Pros and Cons of Using Predator Decoys

Debate the pros and cons of predator decoys as you review your past fur season. Your conclusion will determine if you need a bigger predator hunting pack!

Pros and Cons of Using Predator Decoys

If you're going over your predator hunting gear, don't forget to use fresh batteries and have spares in your pack just in case something crazy happens in the field. (Photo: Mark Kayser)

The predator decoy market is soundly here to stay as it occupies prime shelf space in sporting goods stores across North America. You can purchase decoys in prey or predator configuration. Some companies, like FoxPro and ICOtec, include decoys built into their electronic callers. The remote allows you to change sounds, mix sounds and activate the decoy movement on demand.

It sounds too good to be true. It is. As with all innovations there is good with the bad. Just ask any employee laid off due to robotic modernizations. Here are some of the pros and cons of using a decoy on an upcoming predator hunt.

Pros of Predator Decoys

First and foremost, a decoy adds attraction to the sounds you’ve chosen to use in your setup. Just like your dog runs after a bouncing tennis ball or a flinging Frisbee, a dancing feather or bobbing bunny have the ability to energize, and speed up a predator’s response. Get ready. A coyote could charge right in or a bobcat could pounce. Even your whistle or shout may not be enough to stop a determined, and mesmerized critter.

Attraction is great, but even better for you is the distraction. When a decoy works it captures the entire attention of the predator. All eyes are on the tantalizing teaser and that takes the attention off of you. That’s your green light to adjust your body position for a more stable shot, swing your barrel to another shooting lane or even pick up a shotgun sitting in your lap if the shot is closer than expected. Distraction is good. 

Whether you’re hunting in dense or open cover, a decoy puts predators where you want them. As long as the decoy is in a prominent and visible setting it will act as a magnet. The predator may go in for the kill or circle for inspection, but you can bet if the magic is working the predator will be where you want it for a shot.

Finally, a decoy creates reality. It’s no secret that predators have more hunting pressure on them than ever before so when they arrive to the sounds of your calls the decoy completes the story. They’ve heard a sound and now see its creator flopping in a field. Even when they swing for downwind scent confirmation you should have an opening for success.

Cons of Predator Decoys

There’s really no ugly with using a decoy, but toting another contraption around can cause a few cons to surface from time to time.

Begin with the addition of more gear in the field. The days of slipping a call in your pocket and slinging a rifle over your shoulder have gone the way of the dodo bird. Along with your shooting sticks, rangefinder, electronic caller and folding seat, you have to fit a decoy into your pack. Toting 25 pounds of extra hunting gear on a morning predator hunt is about as commonplace as shopping at Costco.
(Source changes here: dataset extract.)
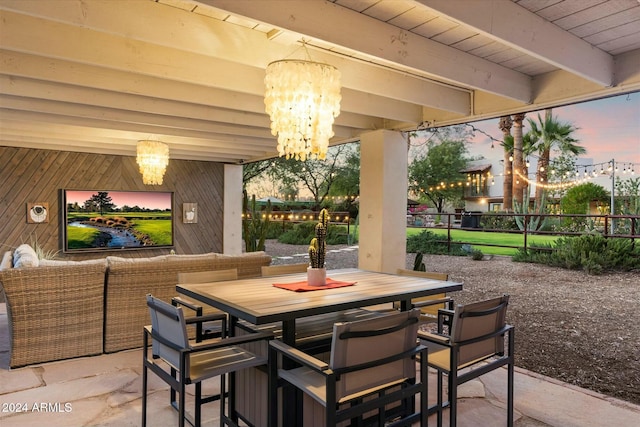 view of patio terrace at dusk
As long as you are stopping at Costco, resupply with AA batteries. It’s as sure as seeing “no trespassing” signs on your way to your hunting area that your motorized decoy or caller will fail to fire. Some of you will follow the Boy Scout motto and be prepared with spare batteries. Others of you will cuss and return home when robo bunny fails to bounce. All of that banging and jarring in your pack and from ruts in the road could also cause electronic circuitry to fail to fire. More technology equals more headaches. Again, be prepared.

Despite your attention to detail and reality, some experienced predators will smell a rat when they spy your decoy. Educated predators may initially approach a prey in distress sound with apprehension and turn at the sound of a questionable-looking, flailing creature. You may also opt to turn on the decoy late in the set to spur a predator response. The sudden flurry of unexpected activity could also raise red flags.

Lastly, placing a remote caller or decoy out in front of your setup position exposes you visually and leaves a scent trail. This could ruin your setup before you even turn on the decoy or blow it later if a predator crosses your footsteps. Depending on the setting you might be able to use terrain to stay out of sight to place your caller, but predators with balcony positions could still see your moves. To erase human scent utilize a liberal dose of scent-eliminating products.

Debate the pros and cons of predator decoys as you review your past fur season. Your conclusion will determine if you need a bigger predator hunting pack or not … ha!